_DATASET EXCERPTS_.
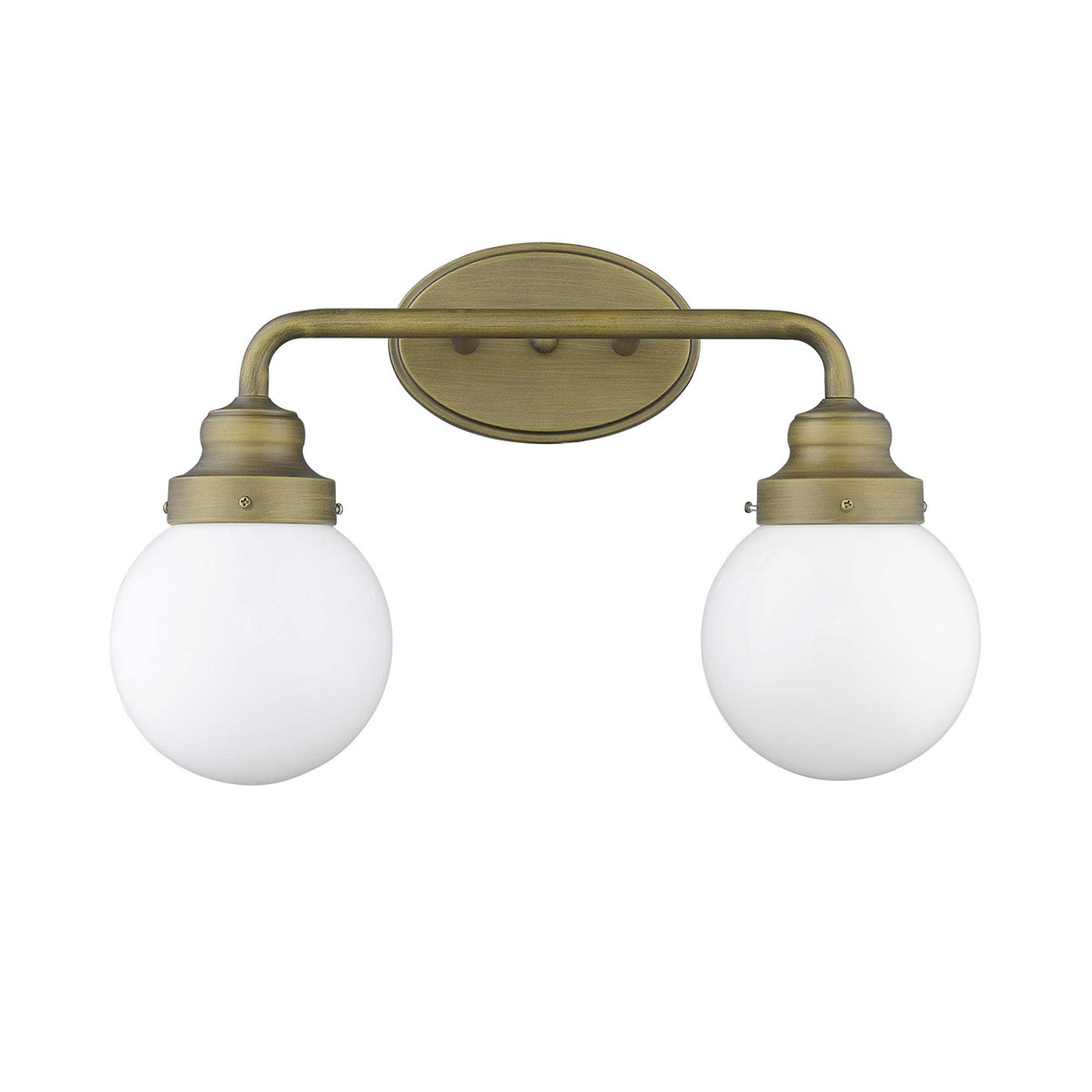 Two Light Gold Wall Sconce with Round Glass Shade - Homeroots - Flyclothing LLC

--

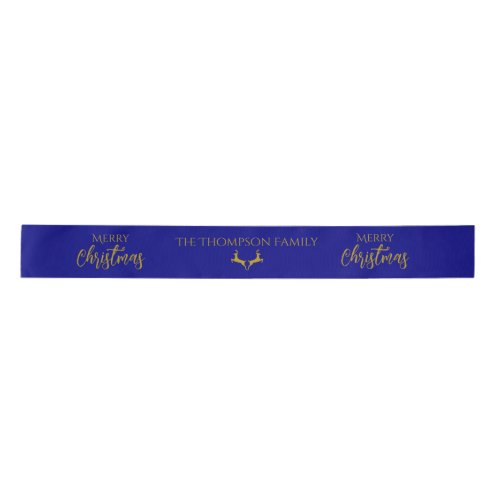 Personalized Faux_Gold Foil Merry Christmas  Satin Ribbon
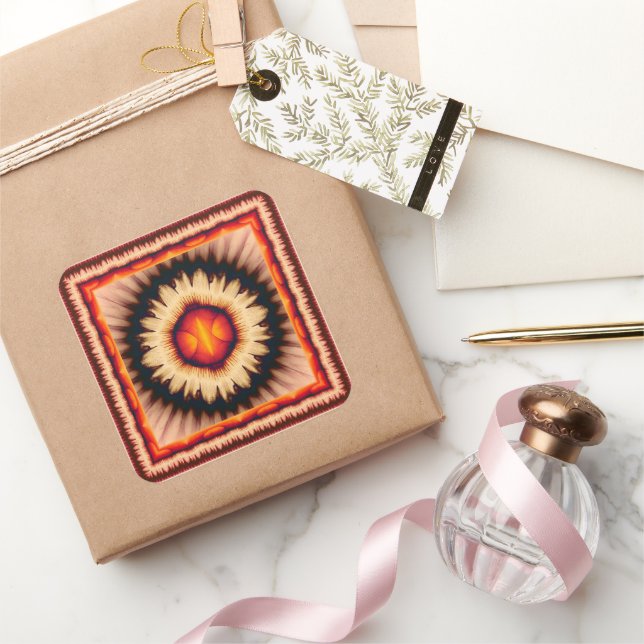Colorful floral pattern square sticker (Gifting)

* * *

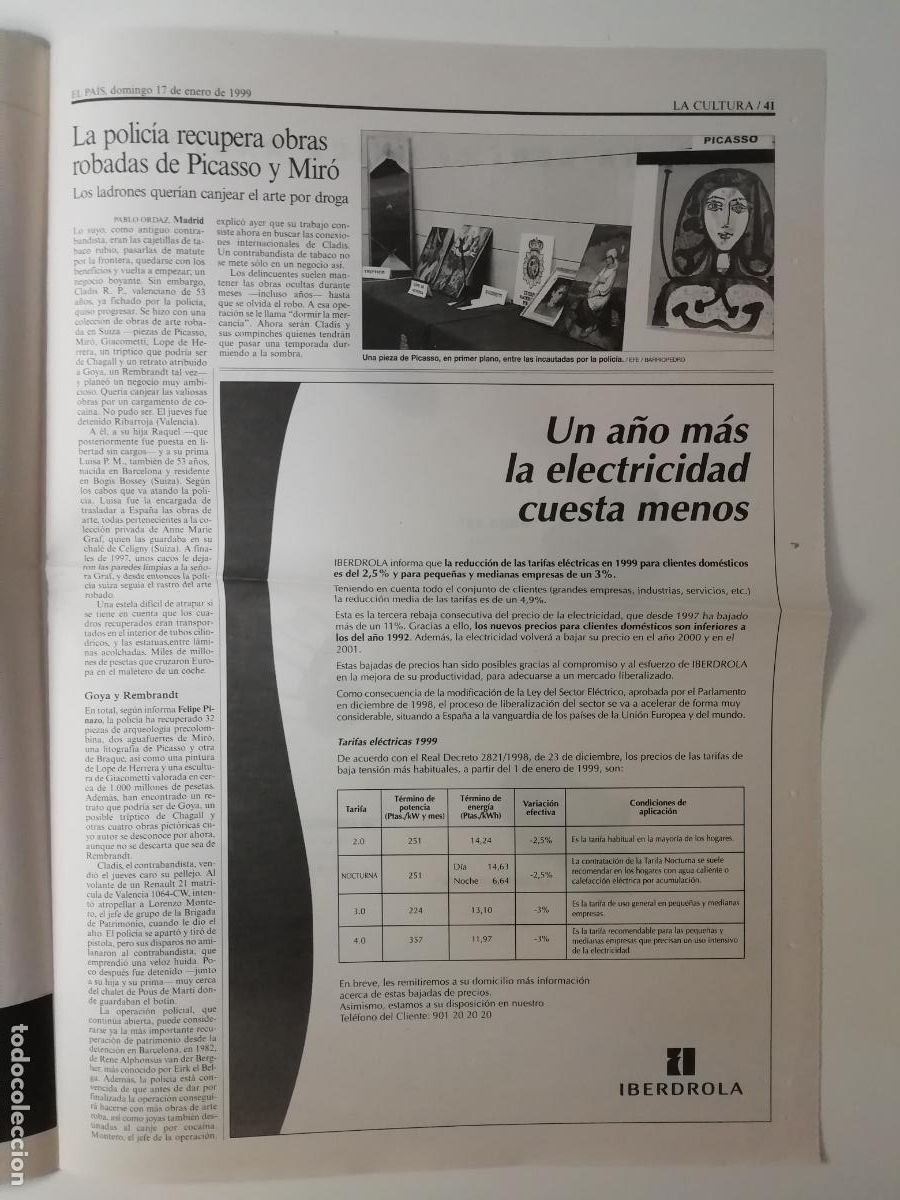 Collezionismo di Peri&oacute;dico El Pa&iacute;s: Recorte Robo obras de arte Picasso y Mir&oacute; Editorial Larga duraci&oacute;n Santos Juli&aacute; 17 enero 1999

_WHAT TO PRODUCE_. Because only one stretch of the records is wanted, please output the lines from the one holding "Personalized Faux_Gold Foil" through the one holding "Colorful floral pattern" exactly, both included, and leave every picture out.

_YOUR RESPONSE_.
 Personalized Faux_Gold Foil Merry Christmas  Satin Ribbon
Colorful floral pattern square sticker (Gifting)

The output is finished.